SpaceX's Launch Price Isn't A Market Price
Why no one can compete with SpaceX, and why that's everyone's problem
Alright, you freaks told me you wanted more space economics stuff, so here you go…

Have you heard the latest, that space launch is cheap now?!
SpaceX fixed the space launch business, because Elon is a genius. Reusability works. The cost curve is falling. Competition will follow. Access to space is being democratized.
Except… not quite.
SpaceX’s price to launch a payload isn’t a market price, it’s a transfer price set by a vertically integrated company whose largest customer is checks notes — itself.
To rewind: In 2024, 89 of 134 Falcon launches carried Starlink; by 2025, SpaceX flew 165 missions, which is more than twice China’s entire program and roughly half of all global launches.
That cadence is insane in every possible way. But most of all because of how it impacts the economics of the launch industry, which is driven by volume! Fixed costs (by which I mean factories, pads, workforce, mission control, etc) essentially disappear at ~165 launches per year.
Which is great for SpaceX, of course.
However, fixed costs do not disappear at 7 launches a year (Ariane 6’s 2025 output).
So, who cares? Well, for the last three years, but especially in the last year, I’ve been working with governments and the private sector to figure out how, exactly, non-SpaceX’ers can become space launch companies, too. And therein lies a really important question: how can we increase domestic European or national competition in response to SpaceX? Why, for example, does Europe not have a SpaceX, too?

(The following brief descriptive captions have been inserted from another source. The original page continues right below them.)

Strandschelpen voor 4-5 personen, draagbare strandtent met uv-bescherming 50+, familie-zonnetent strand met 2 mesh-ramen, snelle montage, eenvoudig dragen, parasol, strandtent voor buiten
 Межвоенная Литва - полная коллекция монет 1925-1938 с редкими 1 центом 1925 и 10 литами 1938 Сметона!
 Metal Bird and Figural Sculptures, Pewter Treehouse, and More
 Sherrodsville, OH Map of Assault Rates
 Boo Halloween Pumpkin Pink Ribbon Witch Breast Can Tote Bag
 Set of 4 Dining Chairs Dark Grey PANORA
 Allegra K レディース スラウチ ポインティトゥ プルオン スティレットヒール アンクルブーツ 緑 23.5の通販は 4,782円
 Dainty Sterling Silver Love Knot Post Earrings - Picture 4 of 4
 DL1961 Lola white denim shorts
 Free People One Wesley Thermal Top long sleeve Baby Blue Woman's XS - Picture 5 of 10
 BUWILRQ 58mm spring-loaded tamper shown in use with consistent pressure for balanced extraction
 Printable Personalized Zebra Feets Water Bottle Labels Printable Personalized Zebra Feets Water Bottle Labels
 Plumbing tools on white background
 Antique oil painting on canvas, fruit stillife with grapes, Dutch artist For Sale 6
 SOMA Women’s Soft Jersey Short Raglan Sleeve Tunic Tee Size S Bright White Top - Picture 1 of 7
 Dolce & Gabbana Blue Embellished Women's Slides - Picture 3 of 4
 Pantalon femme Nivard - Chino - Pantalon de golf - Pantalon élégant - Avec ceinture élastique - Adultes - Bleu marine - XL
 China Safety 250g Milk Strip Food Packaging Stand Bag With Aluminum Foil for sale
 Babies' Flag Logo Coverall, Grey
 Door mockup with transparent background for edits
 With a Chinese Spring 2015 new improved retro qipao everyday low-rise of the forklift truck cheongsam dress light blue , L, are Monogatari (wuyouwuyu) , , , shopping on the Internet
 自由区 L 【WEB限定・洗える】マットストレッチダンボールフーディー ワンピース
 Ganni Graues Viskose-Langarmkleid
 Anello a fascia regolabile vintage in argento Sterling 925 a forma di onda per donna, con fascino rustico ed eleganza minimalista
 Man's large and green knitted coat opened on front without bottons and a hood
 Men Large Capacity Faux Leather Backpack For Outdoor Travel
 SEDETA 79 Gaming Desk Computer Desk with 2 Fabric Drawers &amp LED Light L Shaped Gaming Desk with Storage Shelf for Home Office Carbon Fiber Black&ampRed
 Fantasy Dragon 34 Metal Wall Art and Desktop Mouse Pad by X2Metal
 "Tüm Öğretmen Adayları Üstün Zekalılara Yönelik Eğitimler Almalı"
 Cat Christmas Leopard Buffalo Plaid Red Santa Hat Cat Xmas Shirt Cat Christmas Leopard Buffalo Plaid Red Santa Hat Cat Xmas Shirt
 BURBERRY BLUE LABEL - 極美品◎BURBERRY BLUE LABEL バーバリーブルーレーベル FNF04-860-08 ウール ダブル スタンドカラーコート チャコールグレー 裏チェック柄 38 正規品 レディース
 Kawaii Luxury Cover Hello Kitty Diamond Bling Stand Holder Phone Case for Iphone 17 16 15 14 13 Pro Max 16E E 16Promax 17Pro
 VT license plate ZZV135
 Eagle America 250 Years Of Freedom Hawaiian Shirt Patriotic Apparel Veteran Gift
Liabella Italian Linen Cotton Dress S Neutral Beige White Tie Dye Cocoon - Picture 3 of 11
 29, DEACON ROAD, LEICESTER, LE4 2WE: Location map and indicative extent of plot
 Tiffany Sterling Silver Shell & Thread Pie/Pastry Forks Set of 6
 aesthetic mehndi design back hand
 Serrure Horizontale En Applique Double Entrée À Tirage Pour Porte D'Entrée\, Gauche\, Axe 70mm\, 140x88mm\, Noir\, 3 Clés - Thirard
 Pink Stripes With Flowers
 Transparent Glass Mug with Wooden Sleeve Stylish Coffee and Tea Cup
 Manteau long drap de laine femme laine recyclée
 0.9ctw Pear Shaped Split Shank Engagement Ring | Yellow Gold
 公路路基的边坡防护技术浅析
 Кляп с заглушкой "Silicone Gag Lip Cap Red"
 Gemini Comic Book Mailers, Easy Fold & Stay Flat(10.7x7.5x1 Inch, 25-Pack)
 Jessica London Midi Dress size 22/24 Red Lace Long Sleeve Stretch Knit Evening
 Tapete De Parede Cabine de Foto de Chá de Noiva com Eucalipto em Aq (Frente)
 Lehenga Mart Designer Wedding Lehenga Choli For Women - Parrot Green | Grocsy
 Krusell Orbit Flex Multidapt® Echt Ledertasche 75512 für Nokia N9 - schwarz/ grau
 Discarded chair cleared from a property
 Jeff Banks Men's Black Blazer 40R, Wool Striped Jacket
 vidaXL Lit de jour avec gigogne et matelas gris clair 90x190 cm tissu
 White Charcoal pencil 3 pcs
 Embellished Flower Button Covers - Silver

Cue the usual responses about Europeans being lazy, or … insert a million reasons … that essentially boil down to, because nobody has an IQ that can match Elon’s.
But here’s the BIG issue that outweighs every single other issue… In the global launch industry, competitors to SpaceX aren’t benchmarking against a market price; they’re actually benchmarking against a demand curve that they will frankly never achieve. Because SpaceX relies on induced customer demand from itself! Because the “space launch market” … doesn’t actually exist.
This is when people (including myself!) usually start muttering in low tongues about the P-word (procurement). But for a moment, consider what today’s procurement mechanisms actually do:
• Governments award on lowest cost (to SpaceX).
• Every contract to SpaceX reduces cadence for everyone else.
• Reduced cadence worsens unit economics for everyone that’s not SpaceX.
• They lose the next contract too.
The cycle is self-reinforcing, so what looks like market competition is actually the very opposite! It’s deep architectural asymmetry, meaning that long-term dependencies on SpaceX are created , which eventually, get priced accordingly.